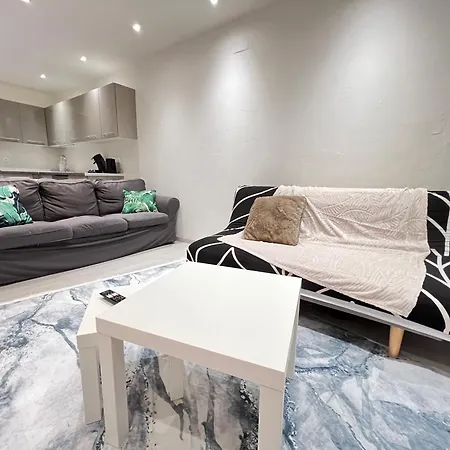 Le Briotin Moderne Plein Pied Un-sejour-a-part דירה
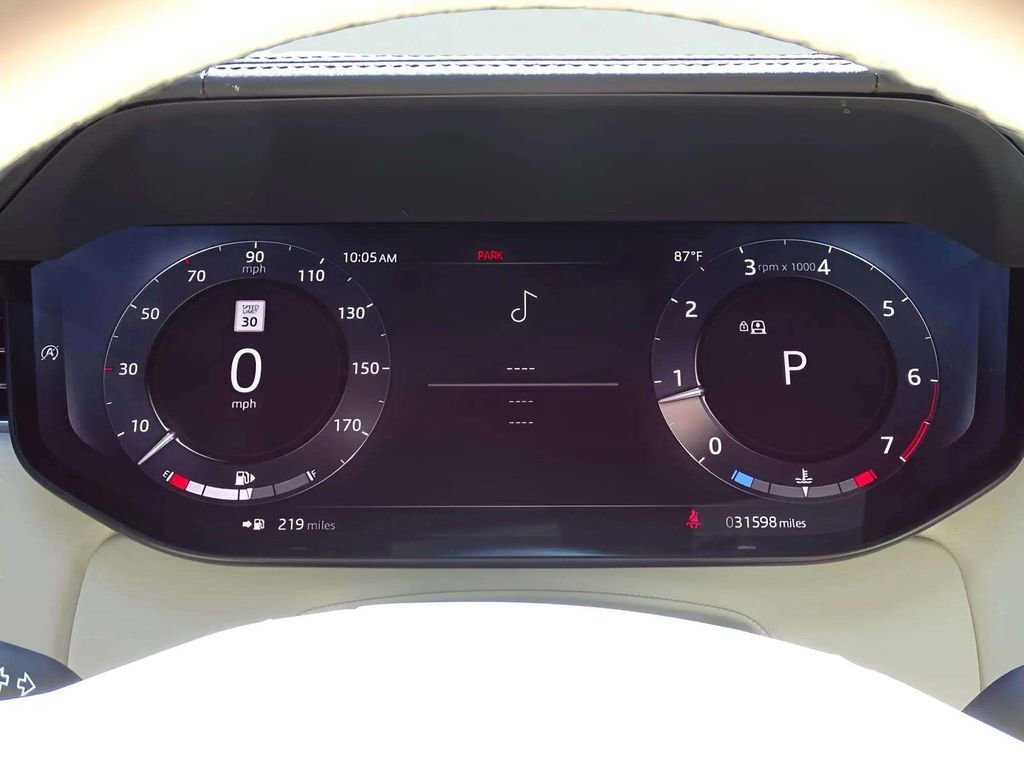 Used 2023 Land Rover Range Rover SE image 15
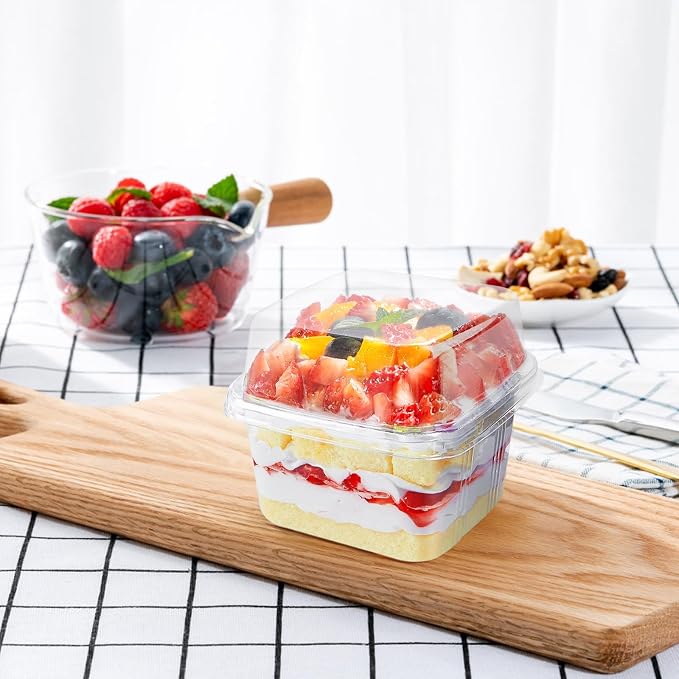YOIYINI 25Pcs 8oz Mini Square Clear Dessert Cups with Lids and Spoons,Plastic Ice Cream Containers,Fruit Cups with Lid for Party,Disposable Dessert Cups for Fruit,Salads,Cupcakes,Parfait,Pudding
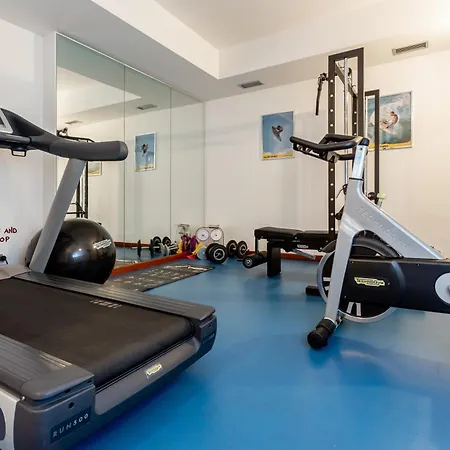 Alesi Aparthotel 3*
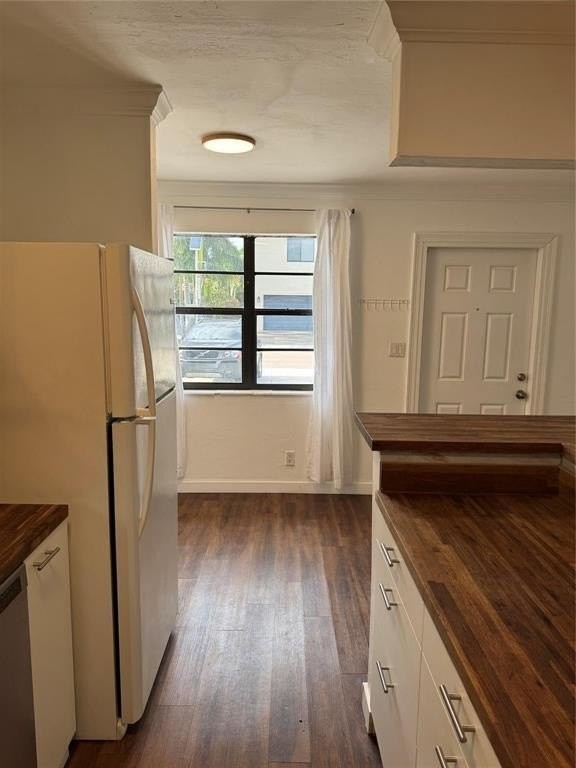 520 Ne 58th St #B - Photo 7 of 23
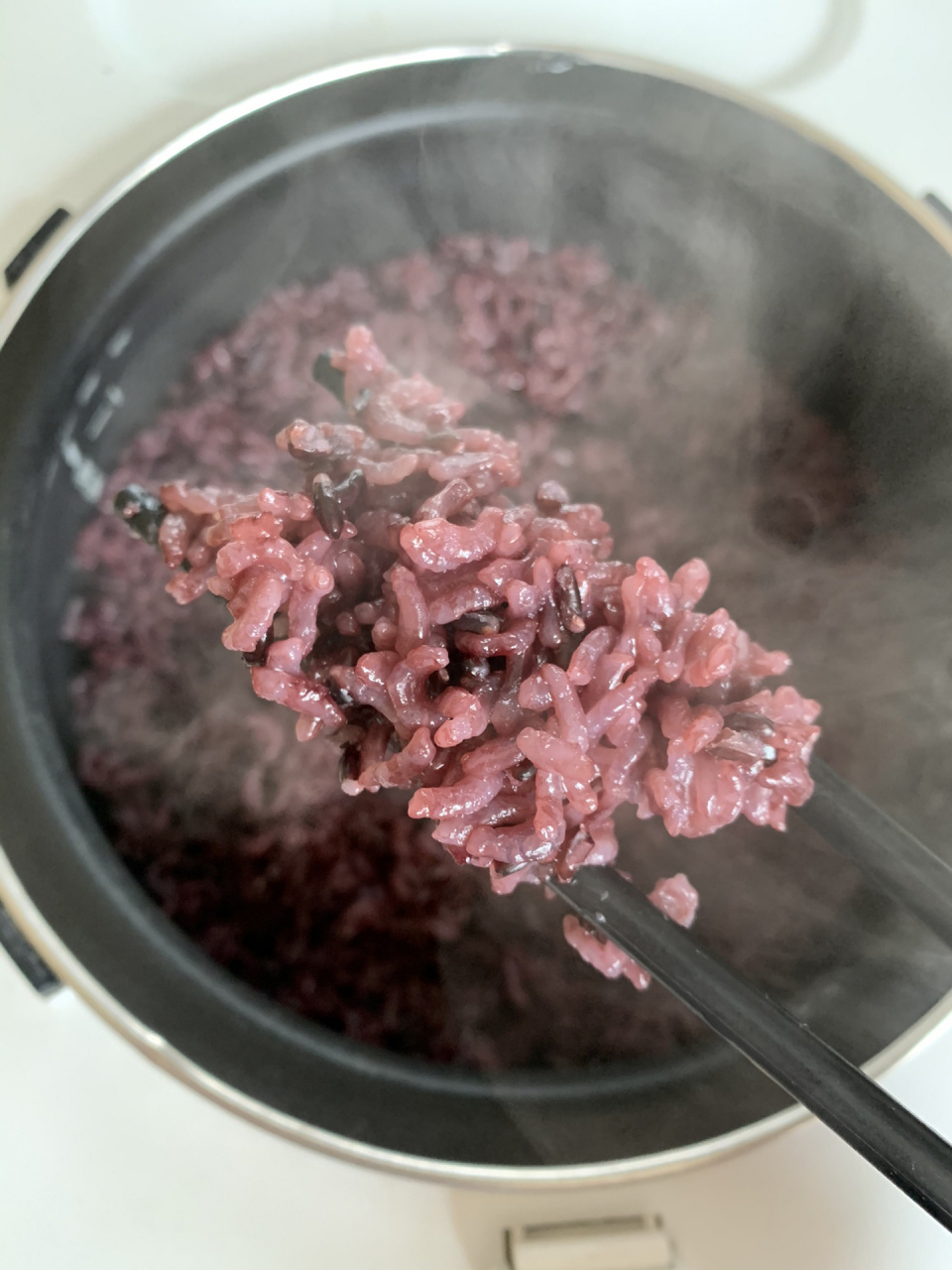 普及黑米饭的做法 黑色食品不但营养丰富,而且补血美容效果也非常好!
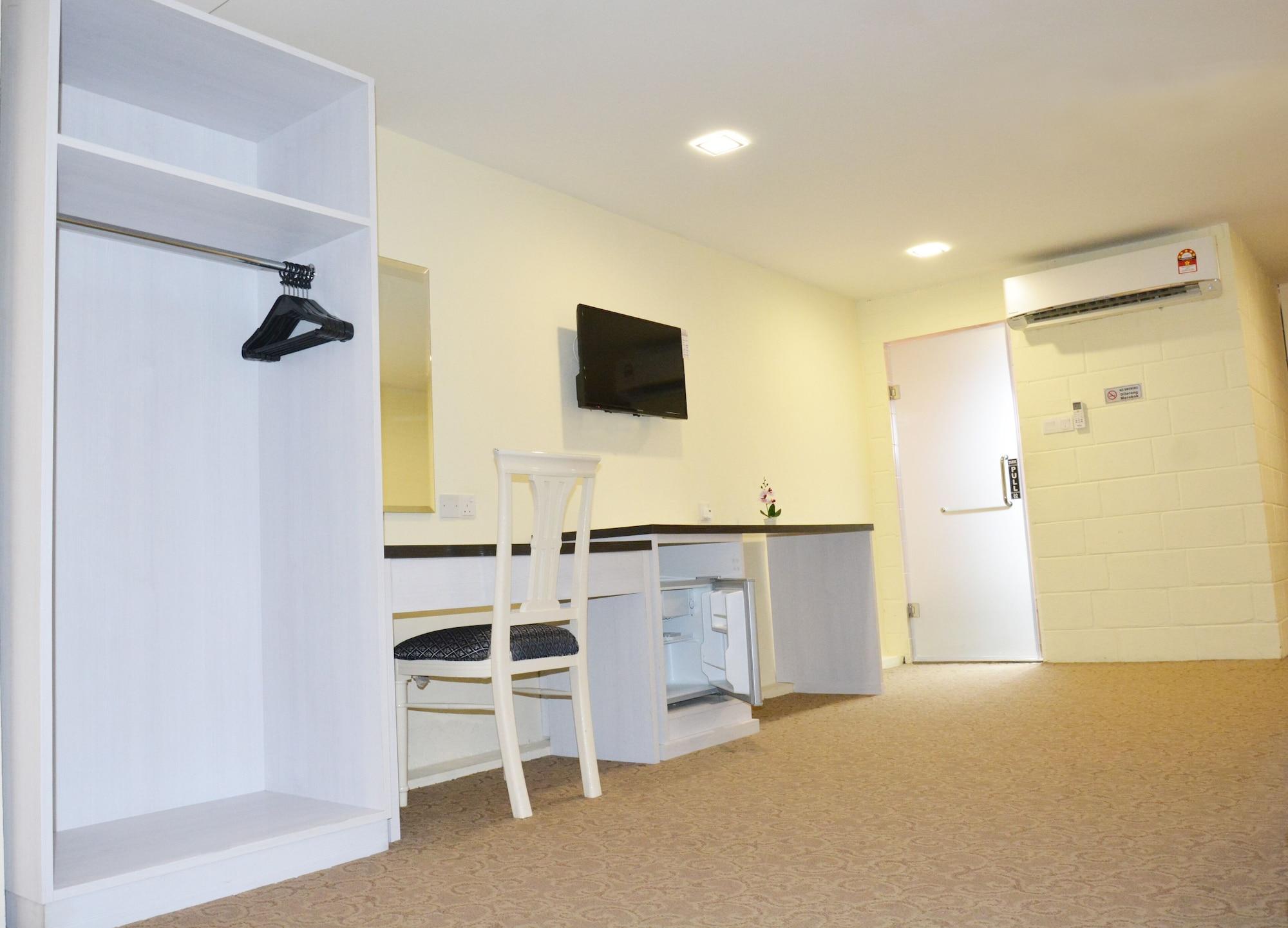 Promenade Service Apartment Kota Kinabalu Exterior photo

* * * * * * * * *

* **Task directions**
Copy out all the data exactly, skipping the pictures.

* **Solution to this exercise**
 Le Briotin Moderne Plein Pied Un-sejour-a-part דירה
 Used 2023 Land Rover Range Rover SE image 15
YOIYINI 25Pcs 8oz Mini Square Clear Dessert Cups with Lids and Spoons,Plastic Ice Cream Containers,Fruit Cups with Lid for Party,Disposable Dessert Cups for Fruit,Salads,Cupcakes,Parfait,Pudding
 Alesi Aparthotel 3*
 520 Ne 58th St #B - Photo 7 of 23
 普及黑米饭的做法 黑色食品不但营养丰富,而且补血美容效果也非常好!
 Promenade Service Apartment Kota Kinabalu Exterior photo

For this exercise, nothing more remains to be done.